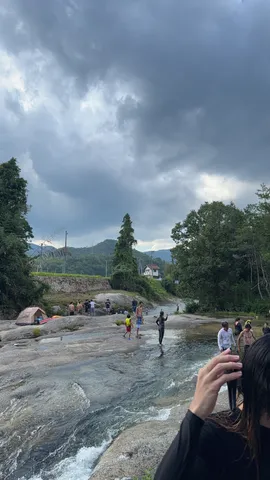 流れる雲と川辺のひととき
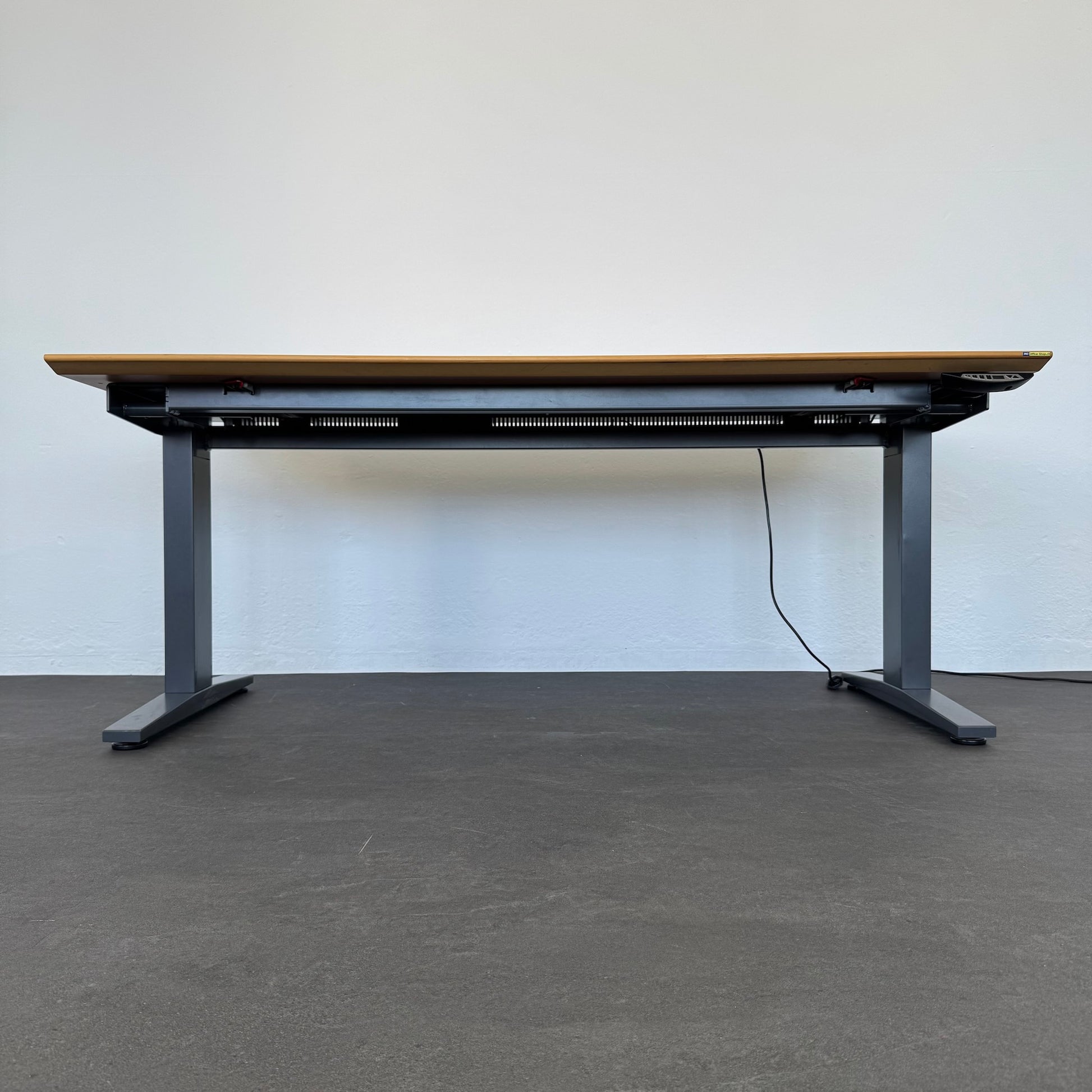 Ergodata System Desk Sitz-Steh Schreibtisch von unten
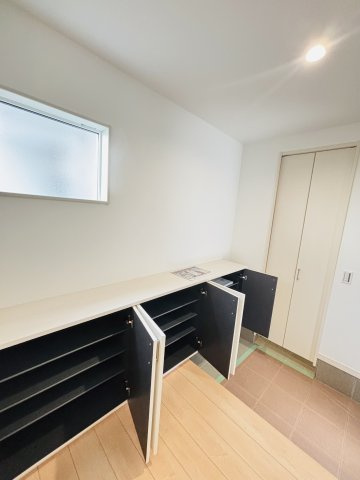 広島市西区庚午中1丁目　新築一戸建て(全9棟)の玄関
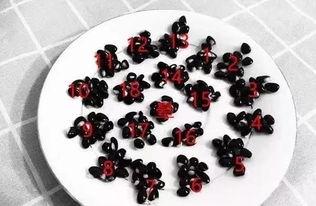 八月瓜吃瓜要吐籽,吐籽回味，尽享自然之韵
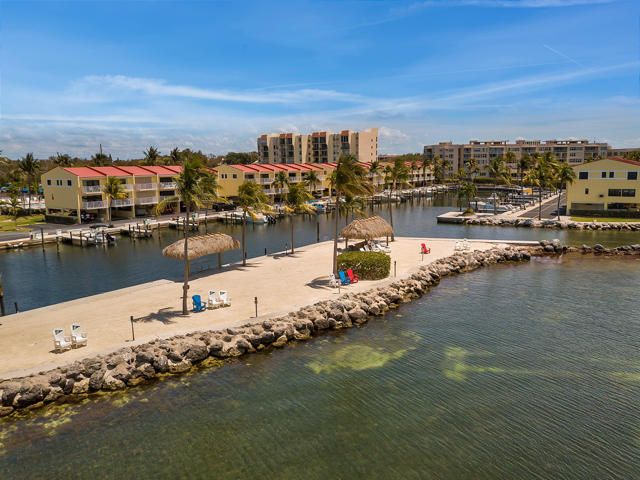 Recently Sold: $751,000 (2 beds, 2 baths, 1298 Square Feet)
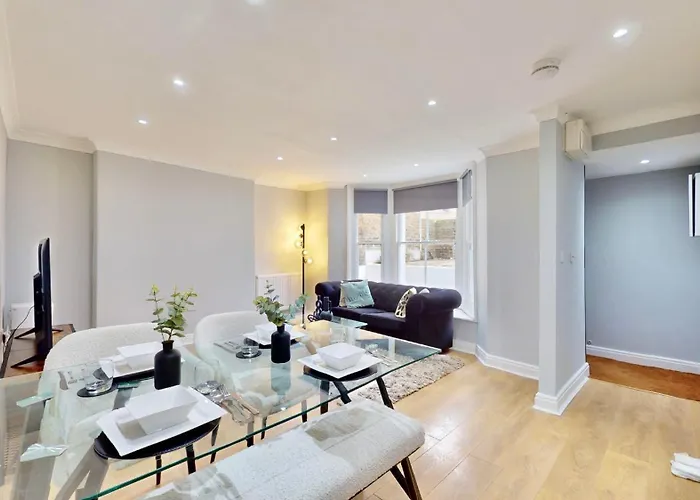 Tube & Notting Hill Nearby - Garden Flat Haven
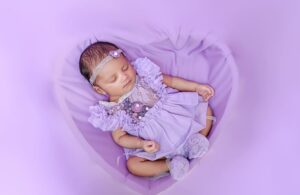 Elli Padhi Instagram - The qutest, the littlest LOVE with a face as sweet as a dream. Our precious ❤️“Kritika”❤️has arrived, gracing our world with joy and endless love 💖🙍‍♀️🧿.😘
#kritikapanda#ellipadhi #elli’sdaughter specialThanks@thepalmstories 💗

= = = = = = =

- _Prompt_:
Retype the listing exactly and drop the pictures.

- _Task output_:
 流れる雲と川辺のひととき
 Ergodata System Desk Sitz-Steh Schreibtisch von unten
 広島市西区庚午中1丁目　新築一戸建て(全9棟)の玄関
 八月瓜吃瓜要吐籽,吐籽回味，尽享自然之韵
 Recently Sold: $751,000 (2 beds, 2 baths, 1298 Square Feet)
 Tube & Notting Hill Nearby - Garden Flat Haven
 Elli Padhi Instagram - The qutest, the littlest LOVE with a face as sweet as a dream. Our precious ❤️“Kritika”❤️has arrived, gracing our world with joy and endless love 💖🙍‍♀️🧿.😘
#kritikapanda#ellipadhi #elli’sdaughter specialThanks@thepalmstories 💗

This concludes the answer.